Bahkan shalat diidentikan dengan ‘tiang’ agama yang mana kokoh tidaknya keislaman seseorang tergantung dari tiangnya.

Kaidah tentang pentingnya shalat dalam Islam tidak semuanya dijalankan oleh muslim dengan sepenuh hati. Beberapa oknum orang Islam tetap ada yang  meninggalkan sholat walaupun tidak ada ‘illat syar’i dengan berbagai alasan.

Orang yang meninggalkan shalat biasanya berasal dari mereka yang keimanan dan pengetahuan agamanya minim. Akan tetapi tetap dihukumi sebagaimana orang Islam pada umumnya.

Jika meninggalkan shalat sudah terlanjur karena berbagai alasan, dan diketahui setelah meninggal dunia maka bagaimana hukum jenazah tersebut.

Apakah ada kaidah Qadha shalat bagi jenazah yang  banyak meninggalkan shalat sebelum kematiannya? Berikut ulasannya!

Daftar Pembahasan:

Shalat dalam Islam

Sholat diperintahkan sebagai kewajiban bagi muslim mengikuti peristiwa Isra’ mi’raj atau perjalanan malam Nabi Muhammad SAW dari Makkah ke Baitul Maqdis dan menuju sidratul muntaha. Peristiwa Isra’ Mi’raj terjadi pada tanggal 27 Rajab tahun 10 setelah pengutusan kenabian Muhammad SAW.

Posisi shalat dalam syariat Islam menempati kedudukan yang sangat tinggi dengan kewajiban yang sangat ditekankan. Sahabat Mu’adz bin Jabal meriwayatkan;

رَأْسُ الأَمْرِ الإِسْلاَمُ وَعَمُودُهُ الصَّلاَةُ وَذِرْوَةُ سَنَامِهِ الْجِهَادُ

Artinya; “Pokok perkara adalah Islam, tiangnya adalah shalat, dan puncak perkaranya adalah jihad” (HR. Tirmidzi)

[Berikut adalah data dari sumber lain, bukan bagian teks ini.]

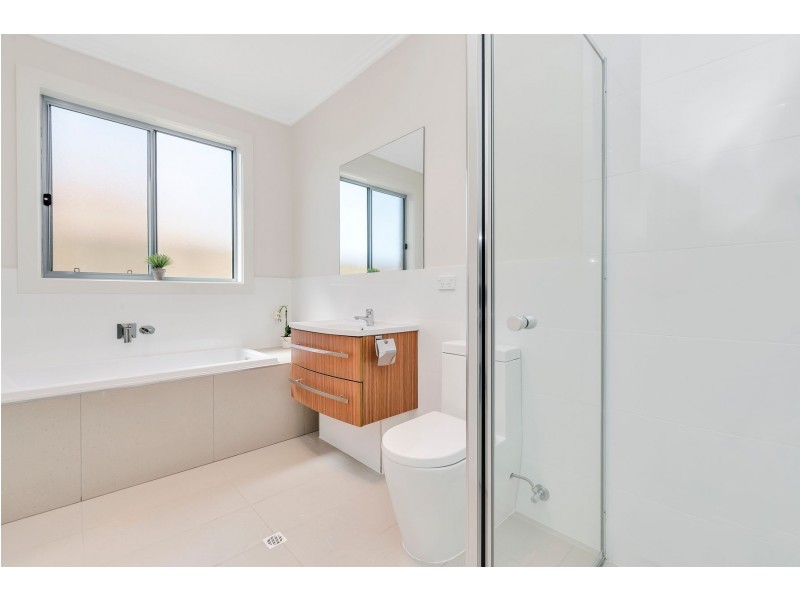 17 Fraser Street, Woodville South SA 5011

Shalat yang wajib dikerjakan oleh Umat Islam sebagai oleh-oleh Isra’ mi’raj adalah 5 waktu. Kewajiban pelaksanaan shalat 5 waktu dibarengi dengan keistimewaan kedudukan shalat, karena ia akan dihisab pertama kali ketika di akhirat.

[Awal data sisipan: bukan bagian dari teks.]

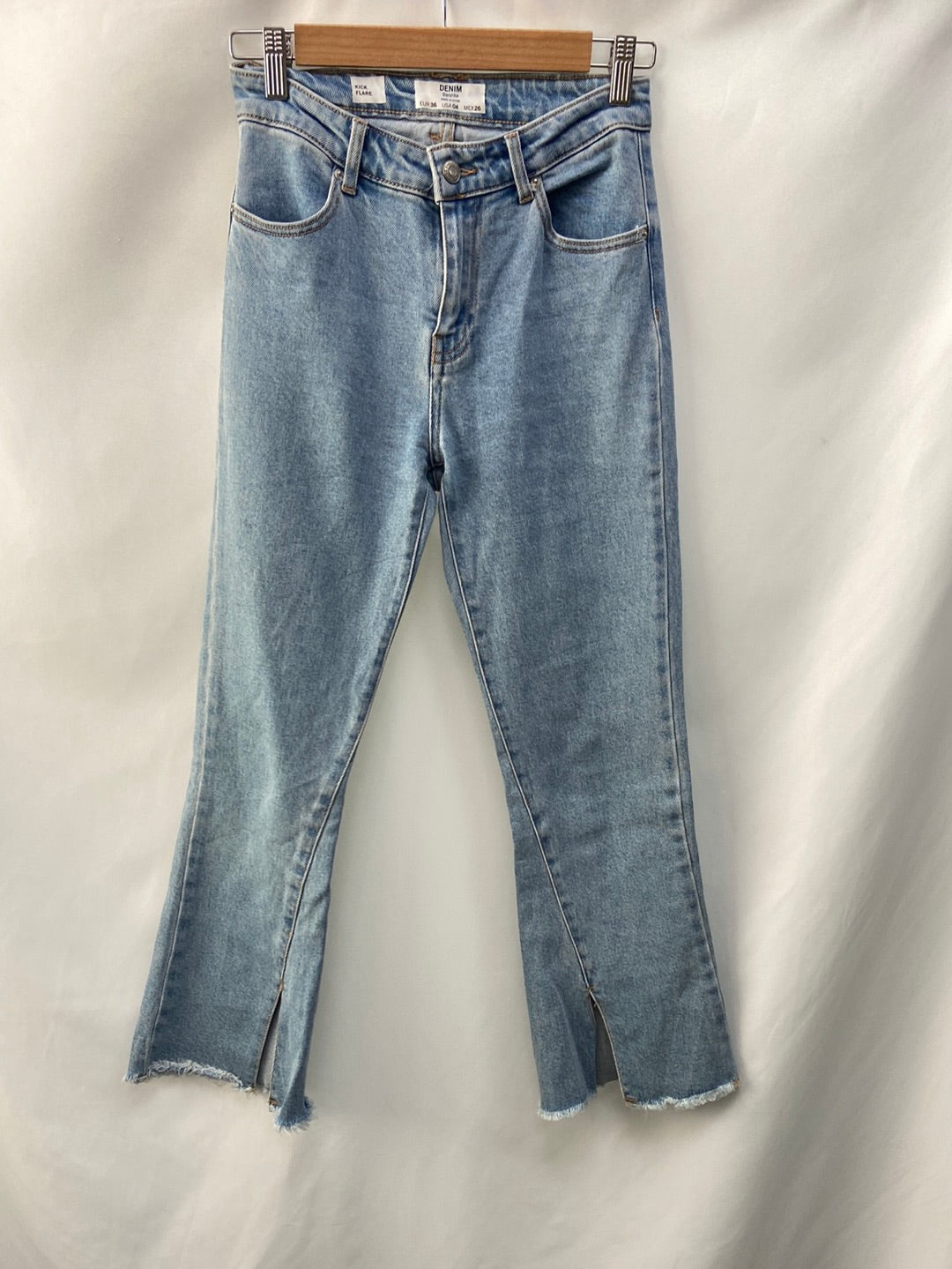 BERSHKA.pantalones vaqueros acampanados T.36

إِنَّ أَوَّلَ مَا يُحَاسَبُ بِهِ العَبْدُ يَوْمَ القِيَامَةِ مِنْ عَمَلِهِ صَلَاتُهُ فَإِنْ صَلَحَتْ فَقَدْ أَفْلَحَ وَأَنْجَحَ وَإِنْ فَسَدَتْ فَقَدْ خَابَ وَخَسَرَ فَإِنِ انْتَقَصَ مِنْ فَرِيْضَتِهِ شَيْءٌ قَالَ الرَّبُّ تَبَارَكَ وَتَعَالَى انَظَرُوْا هَلْ لِعَبْدِي مِنْ تَطَوُّعٍ؟ فَيُكْمَلُ بِهَا مَا انْتَقَصَ مِنَ الفَرِيْضَةِ ثُمَّ يَكُوْنُ سَائِرُ عَمَلِهِ عَلَى ذَلِكَ وَفِي رِوَايَةٍ ثُمَّ الزَّكَاةُ مِثْلُ ذَلِكَ ثُمَّ تُؤْخَذُ الأَعْمَالُ حَسَبَ ذَلِكَ

Baca Juga:  Tata Cara Shalat Gerhana Bulan dan Dalil Lengkapnya

Bahwa amal hamba Islam yang akan dihisab pertama kali hari kiamat adalah pelaksanaan shalatnya. Jika kualita shalatnya baik, bisa dipastikan akan ia akan mendapatkan keberuntungan dan keselamatan di akhirat. Dan sebaliknya jika kualitas shalat buruk, jelek dan bahkan rusak maka menjadi tanda-tanda kecelakaan.

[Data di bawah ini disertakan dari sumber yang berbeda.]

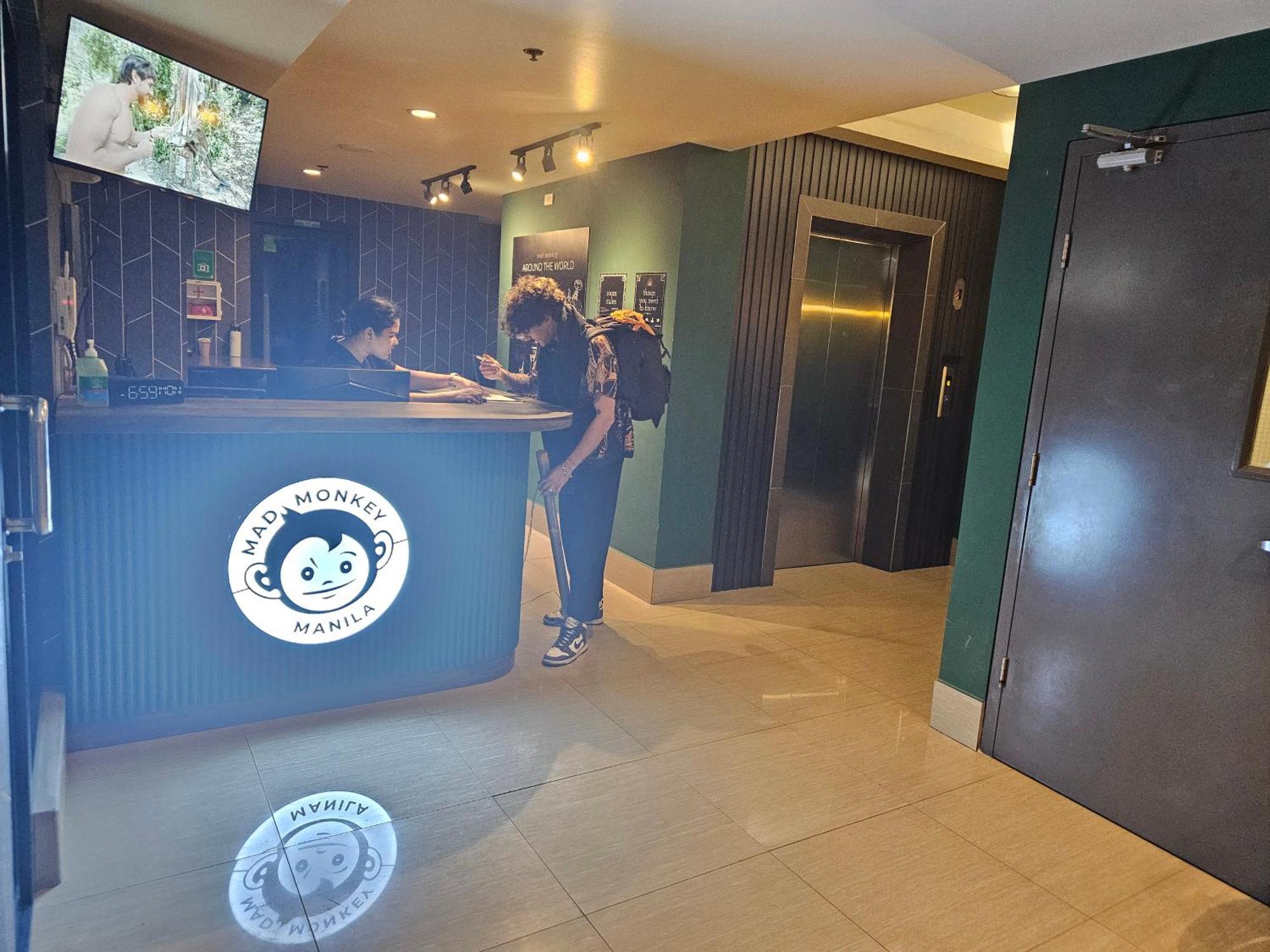 マカティ Mad Monkey Manilaホステル エクステリア 写真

Kekurangan dalam shalat fadlu bisa ditambal dengan shalat sunnah yang dilakukan oleh Muslim. Allah berkata ’Lihatlah apakah pada hamba tersebut memiliki amalan shalat sunnah?’ Maka shalat sunnah tersebut akan menyempurnakan shalat wajibnya yang kurang.

Meninggalkan shalat atau lalai dalam menjalankan shalat terancam dimasukan kedalam neraka Wail. Sebagaimana ayat Allah SWT;

فَوَيْلٌ لِلْمُصَلِّينَ (٤)الَّذِينَ هُمْ عَنْ صَلاتِهِمْ سَاهُونَ (٥

Artinya; “Maka kecelakaanlah bagi orang-orang yang shalat, (yaitu) orang-orang yang lalai dari shalatnya” (Qs. Al-Maaun: 4-5)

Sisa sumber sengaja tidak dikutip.